──────── GIVEN MATERIAL ────────
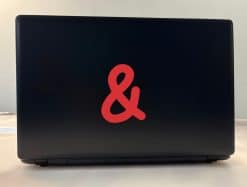 bold ampersand symbol, clean typography, solid red color - vinyl removable sticker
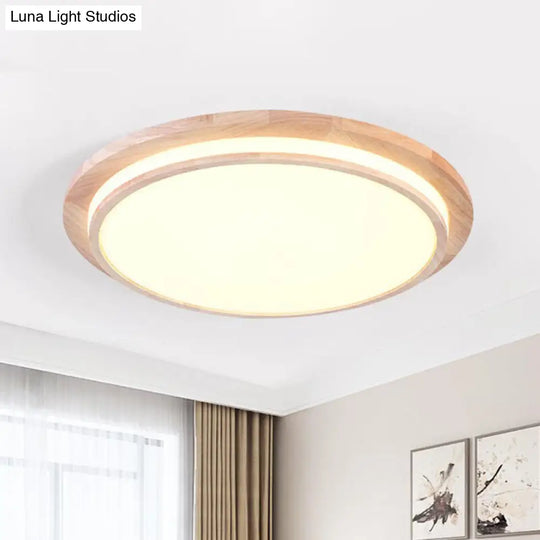 Natural Wood Round Led Ceiling Mount Lamp In Warm/White Light 15/18/23 Dia - Simplicity & Elegance /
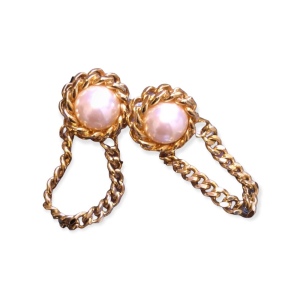 VTG 1980s Gold chain faux pearl chunky earrings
────────
-- EXERCISE REQUIREMENTS --
For this exercise, write the listing out again exactly, excluding all images.

-- EXERCISE OUTPUT --
 bold ampersand symbol, clean typography, solid red color - vinyl removable sticker
 Natural Wood Round Led Ceiling Mount Lamp In Warm/White Light 15/18/23 Dia - Simplicity & Elegance /
 VTG 1980s Gold chain faux pearl chunky earrings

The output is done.